Now, when the Supreme Court decision came, apparently the administration determined to make an effort to preserve the labor conditions that had been incorporated under the N. R. A. Therefore, this bill was drafted by the Solicitor General and was presented to me as chairman of the Committee on Education and Labor. It ordinarily would have gone to the Finance Committee, but the Finance Committee had so much work that it was impossible to take. I introduced the bill, hearings were held, and the bill written and rewritten and rewritten; because it was necessary to deal with every bureau and every department of the Government to get their different viewpoints, and I am happy to say now, as the bill is written, it practically has unanimous support of every bureau or department that is engaged in the business of purchasing supplies for the Government.

The CHAIRMAN. Senator Walsh, there was a suggestion, I believe, by Mr. Reed when he appeared that there should be two or three amendments. Will you speak on those?

Senator WALSH. Yes; I will be glad to talk about those directly. I want to say just a little about the philosophy of the bill, because that is exceedingly important. Then I am going to speak briefly about the main features of the bill.

If Henry Ford should, tomorrow, announce that in the future whenever he deals with a subcontractor, whenever he purchases supplies, in the management of his great institution, he is going to require certain minimum-labor conditions, he would be hailed as the greatest leader in industry in the world, and he would be recognized as a great philanthropist and the man, perhaps more than any other living human being, who was helping lift up and perpetuate the principles of this bill.

All this bill does is substitute for the word "Henry Ford" the United States Government." If I were contemplating the building of a house tomorrow, and I said to the builder of that house, "Here is the cement. Here is the lumber. Here is the iron. Here is the brick that should be used ", I would say I have specified those and done all I can do. But if I said, "Mr. Contractor, I want to put some provisions in this contract to take care of the human elements. I want to write in there that no man can work more than minimum hours and I want a minimum wage", what would you think of me? Would it not be received with unanimous approval? Mr. Chairman, there are two features in every contract, materials that go into the contract and the human side, and all through these years we have failed to put into our contracts the human element, the invisible item.

Mr. PERKINS. Senator, do you mind an interruption?
Senator WALSH. Not at all.

Mr. PERKINS. Why does the Government have to put the human element into its contracts?

Senator WALSH. It should do it.

Mr. PERKINS. Then do you favor an amendment to this bill as suggested here by someone to that effect?

Senator WALSH. It should do it.

Mr. MICHENER. You want to put section 10 back?

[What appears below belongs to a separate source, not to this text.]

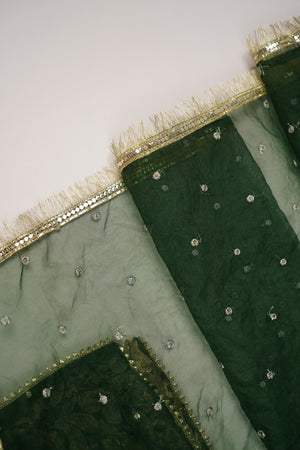 Noor-e-Fishan Exclusive Wedding wear Collection PS-04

Senator WALSH. Yes. It was modified by the Navy Yard. The reason it was lifted from the bill was because private shipping interests objected to it, because it shifted them from 40 to 36. Now the President will take care of that by his executive order under this bill. Mr. ROBSION. Senator, if you will permit me

Senator WALSH. Yes.

Mr. ROBSION. Some years ago in Congress we helped to pass the Cooper Act excluding convict-made goods in interstate shipment, and the States now are bound by that in their penal institutions. But if I understood you, you are willing to put in this law a provision to permit the United States Government to use its convict-made goods. Now, why shouldn't the same kind of law apply to the Government? Senator WALSH. I have expressed no sentiments. I am not in sympathy with that.

Mr. ROBSION. You are not?

Senator WALSH. No; I am not.

Mr. ROBSION. I am glad to hear that. But that is in this bill, is it not, Senator? That provision is in this bill?

Senator WALSH. There is no provision in this bill-the omission from the bill might be construed to lead to what you say, the fact that there is not a provision in the bill.

I wanted you to think of this bill in terms of injecting the invisible into it; and as Senator Borah said, regardless of N. R. A.-and he is a bitter opponent of N. R. A., a bitter opponent-he says, "I marvel in all these years there has not been a law like this upon the statute books."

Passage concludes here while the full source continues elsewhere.